Step	Hyp	Ref	Expression
1		oveq2 7357	. . . . . . 7 ⊢ (𝑏 = 𝐵 → (𝐴 ·N 𝑏) = (𝐴 ·N 𝐵))
2	1	opeq1d 4830	. . . . . 6 ⊢ (𝑏 = 𝐵 → ⟨(𝐴 ·N 𝑏), (𝐴 ·N 𝑐)⟩ = ⟨(𝐴 ·N 𝐵), (𝐴 ·N 𝑐)⟩)
3		opeq1 4824	. . . . . 6 ⊢ (𝑏 = 𝐵 → ⟨𝑏, 𝑐⟩ = ⟨𝐵, 𝑐⟩)
4	2, 3	breq12d 5105	. . . . 5 ⊢ (𝑏 = 𝐵 → (⟨(𝐴 ·N 𝑏), (𝐴 ·N 𝑐)⟩ ~Q ⟨𝑏, 𝑐⟩ ↔ ⟨(𝐴 ·N 𝐵), (𝐴 ·N 𝑐)⟩ ~Q ⟨𝐵, 𝑐⟩))
5	4	imbi2d 340	. . . 4 ⊢ (𝑏 = 𝐵 → ((𝐴 ∈ N → ⟨(𝐴 ·N 𝑏), (𝐴 ·N 𝑐)⟩ ~Q ⟨𝑏, 𝑐⟩) ↔ (𝐴 ∈ N → ⟨(𝐴 ·N 𝐵), (𝐴 ·N 𝑐)⟩ ~Q ⟨𝐵, 𝑐⟩)))
6		oveq2 7357	. . . . . . 7 ⊢ (𝑐 = 𝐶 → (𝐴 ·N 𝑐) = (𝐴 ·N 𝐶))

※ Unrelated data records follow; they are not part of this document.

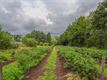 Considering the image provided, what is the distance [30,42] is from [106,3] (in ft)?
187

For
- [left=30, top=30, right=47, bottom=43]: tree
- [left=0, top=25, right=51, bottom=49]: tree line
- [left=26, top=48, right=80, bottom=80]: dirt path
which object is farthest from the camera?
[left=30, top=30, right=47, bottom=43]: tree

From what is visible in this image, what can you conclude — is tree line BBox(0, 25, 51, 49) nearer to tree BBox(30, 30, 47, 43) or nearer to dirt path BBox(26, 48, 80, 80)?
tree BBox(30, 30, 47, 43)

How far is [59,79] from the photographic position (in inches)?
597

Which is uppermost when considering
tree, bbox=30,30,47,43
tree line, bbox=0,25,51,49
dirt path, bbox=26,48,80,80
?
tree, bbox=30,30,47,43

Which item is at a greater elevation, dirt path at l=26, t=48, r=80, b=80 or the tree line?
the tree line

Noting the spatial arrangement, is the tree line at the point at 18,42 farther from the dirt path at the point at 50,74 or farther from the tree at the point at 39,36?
the dirt path at the point at 50,74

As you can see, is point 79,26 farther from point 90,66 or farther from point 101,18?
point 90,66

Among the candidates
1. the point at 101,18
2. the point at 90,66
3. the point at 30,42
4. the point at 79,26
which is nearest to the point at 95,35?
the point at 101,18

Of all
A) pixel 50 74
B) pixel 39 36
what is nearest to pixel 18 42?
pixel 39 36

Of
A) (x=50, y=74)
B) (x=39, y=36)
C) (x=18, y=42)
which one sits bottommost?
(x=50, y=74)

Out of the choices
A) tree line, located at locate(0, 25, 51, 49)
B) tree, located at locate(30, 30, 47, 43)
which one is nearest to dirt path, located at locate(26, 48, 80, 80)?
tree line, located at locate(0, 25, 51, 49)

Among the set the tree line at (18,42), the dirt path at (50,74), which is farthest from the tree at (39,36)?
the dirt path at (50,74)

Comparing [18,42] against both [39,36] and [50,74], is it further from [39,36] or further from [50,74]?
[50,74]

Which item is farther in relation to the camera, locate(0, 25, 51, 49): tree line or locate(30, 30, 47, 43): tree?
locate(30, 30, 47, 43): tree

7	6	opeq2d 4831	. . . . . 6 ⊢ (𝑐 = 𝐶 → ⟨(𝐴 ·N 𝐵), (𝐴 ·N 𝑐)⟩ = ⟨(𝐴 ·N 𝐵), (𝐴 ·N 𝐶)⟩)
8		opeq2 4825	. . . . . 6 ⊢ (𝑐 = 𝐶 → ⟨𝐵, 𝑐⟩ = ⟨𝐵, 𝐶⟩)
9	7, 8	breq12d 5105	. . . . 5 ⊢ (𝑐 = 𝐶 → (⟨(𝐴 ·N 𝐵), (𝐴 ·N 𝑐)⟩ ~Q ⟨𝐵, 𝑐⟩ ↔ ⟨(𝐴 ·N 𝐵), (𝐴 ·N 𝐶)⟩ ~Q ⟨𝐵, 𝐶⟩))
10	9	imbi2d 340	. . . 4 ⊢ (𝑐 = 𝐶 → ((𝐴 ∈ N → ⟨(𝐴 ·N 𝐵), (𝐴 ·N 𝑐)⟩ ~Q ⟨𝐵, 𝑐⟩) ↔ (𝐴 ∈ N → ⟨(𝐴 ·N 𝐵), (𝐴 ·N 𝐶)⟩ ~Q ⟨𝐵, 𝐶⟩)))
11		mulcompi 10790	. . . . . . . . 9 ⊢ (𝑏 ·N 𝑐) = (𝑐 ·N 𝑏)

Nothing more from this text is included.